4. FinLang (Investopedia-trained model)

Average Similarity:
- Duplicate pairs: 0.783
- Non-duplicate pairs: 0.292
Observations:
- FinLang produces a gap of about 0.491 between duplicate and non-duplicate pairs.
- Its evaluation metrics peak at thresholds between 0.40 and 0.45, with accuracy around 0.95, near-perfect precision (up to 1.000), recall close to 0.957, and F1 scores around 0.958.
- Performance remains stable over this moderate threshold range.
Implication:
- FinLang is specifically tuned on financial data, which is a significant advantage for this use case. It shows excellent performance at a moderate threshold, making it robust and reliable for filtering duplicates in financial texts.

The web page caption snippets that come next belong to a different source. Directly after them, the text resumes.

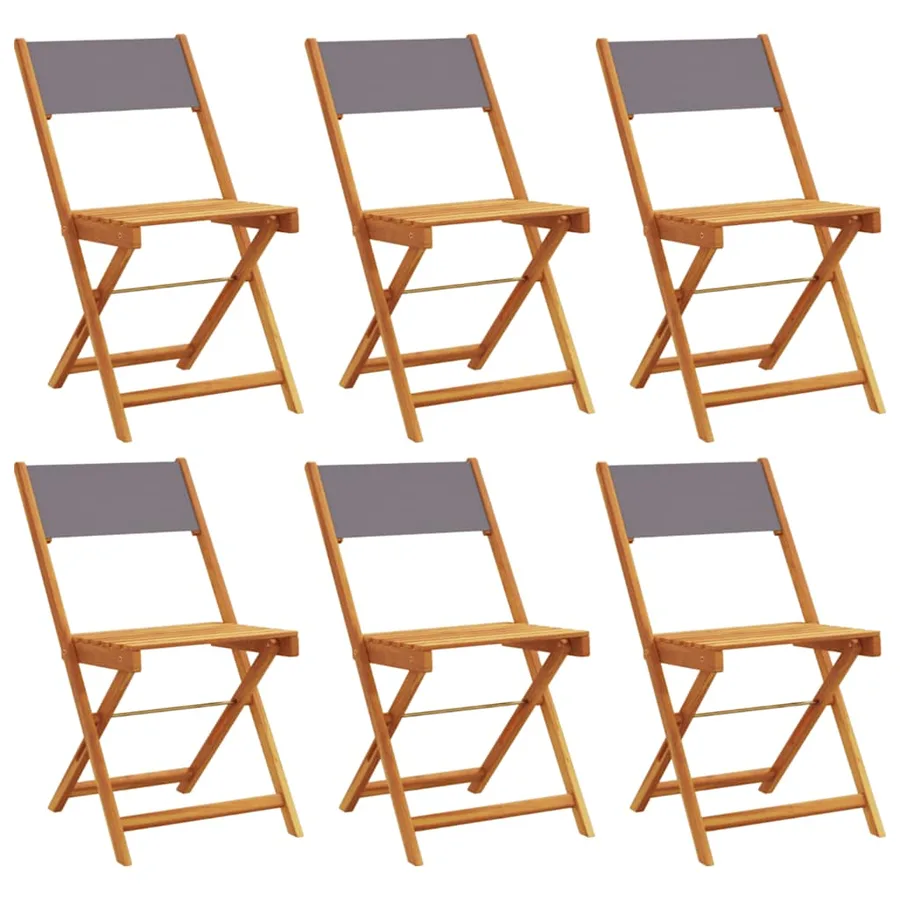 Chaises de jardin pliantes lot de 6 tissu et bois massif - 2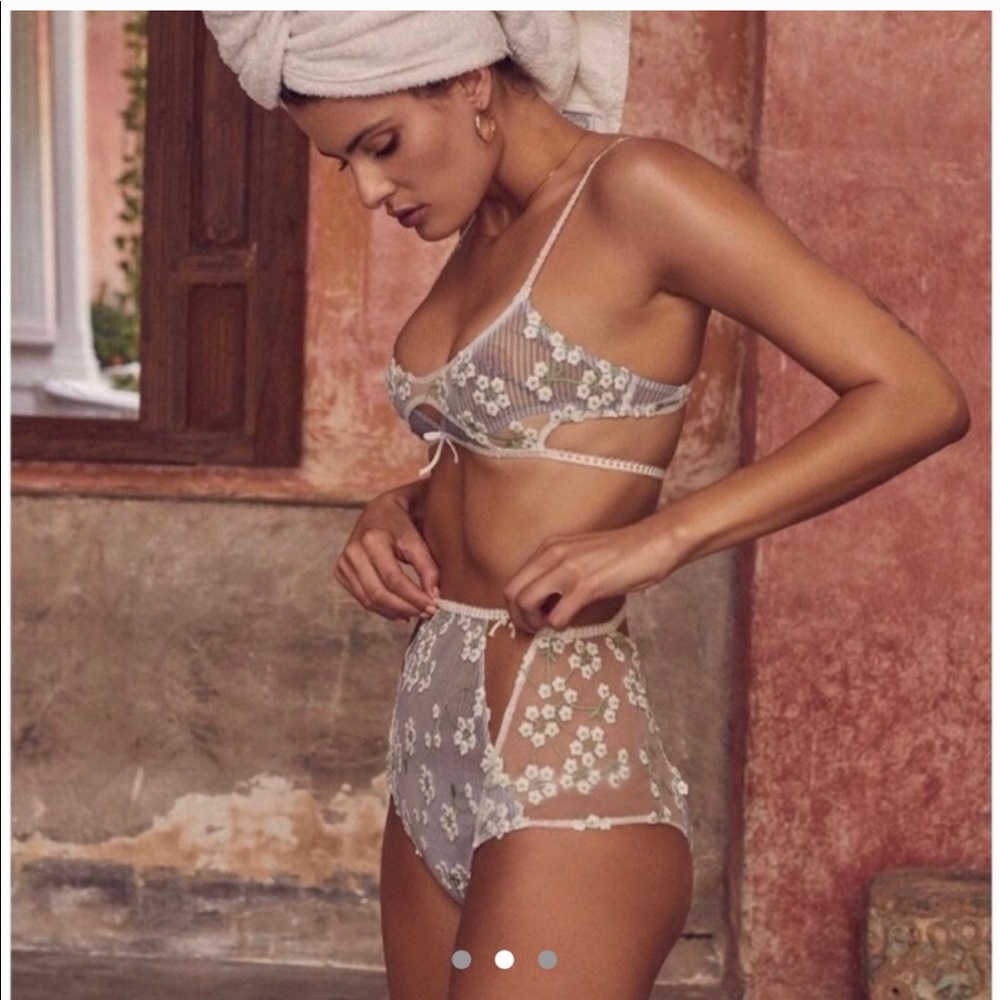 Floral Embroidered Lingerie Set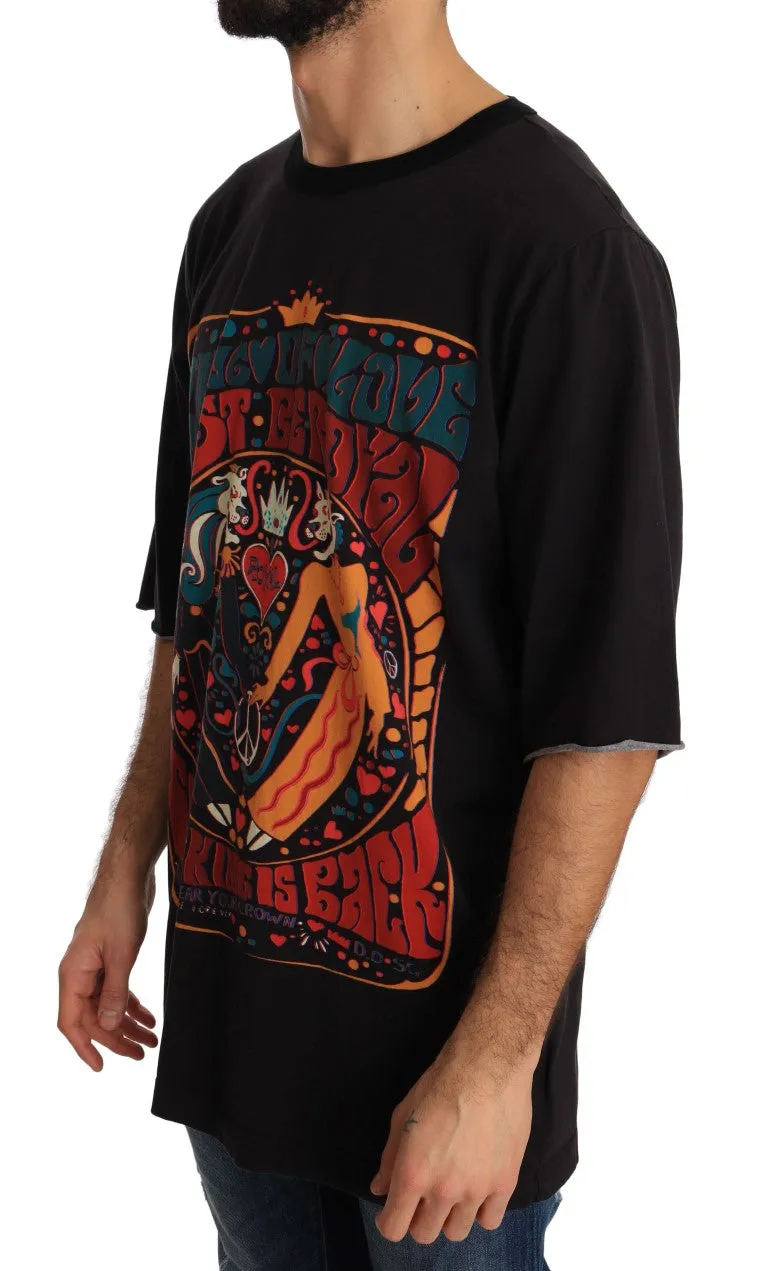 Black Cotton Crewneck T-Shirt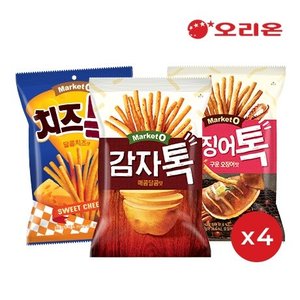 오리온 치즈톡(80g)4개+감자톡(80g) 매콤달콤4개+오징어톡(80g)4개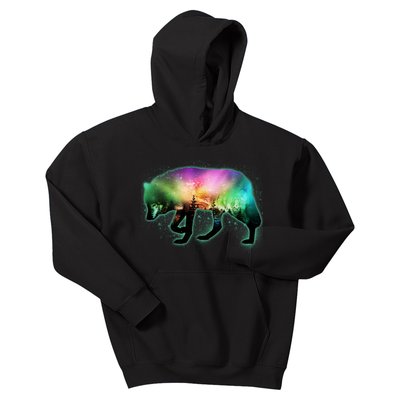 Aurora Borealis Wolf Wilderness Kids Hoodie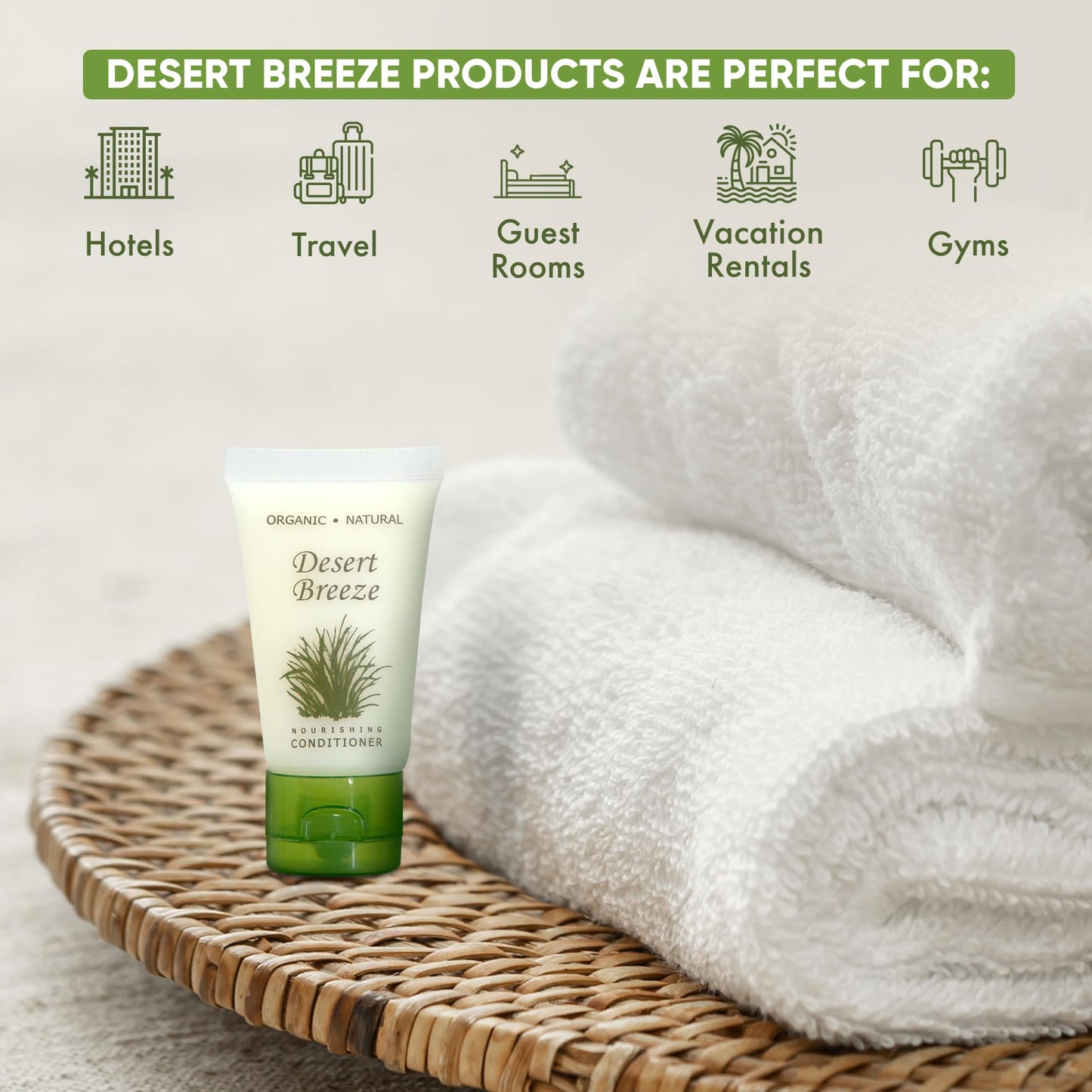 Travel Size Hotel Conditioner 20 Count 1 oz Bottles Guest Amenities for Vacation Rentals and Short Term Rentals Paraben Free Green Tea Lemongrass Beauty & Personal Care Desert Breeze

F1vsThresholdCurve Image 3.5: I generated a graph using Matplotlib further illustrating the issue with MiniLM. This isn’t apparent when just looking at the data but in the graph it becomes clear that MiniLM’s performance rapidly declines when shifting the threshold. This is an issue because it shows that by proxy I’m risking a lot of misclassification when I start handling more diversed data. (Also the graph shows, in a very apparent way, how terrible ada-002 is for this use case).

Conclusion

For the duplicate filtering workflow, I’m picking MiniLM over FinLang primarily because FinLang tends to undershoot—often misclassifying valid points as non-duplicates, which negatively affects precision. As a result of the hybrid approach I’ll outline in the next section it’s sensitive to prioritize catching all possible duplicates—even if it means initially flagging some false positives—over the risk of missing valid duplicate points. MiniLM’s ability to robustly flag potential duplicates makes it the preferred model for this application.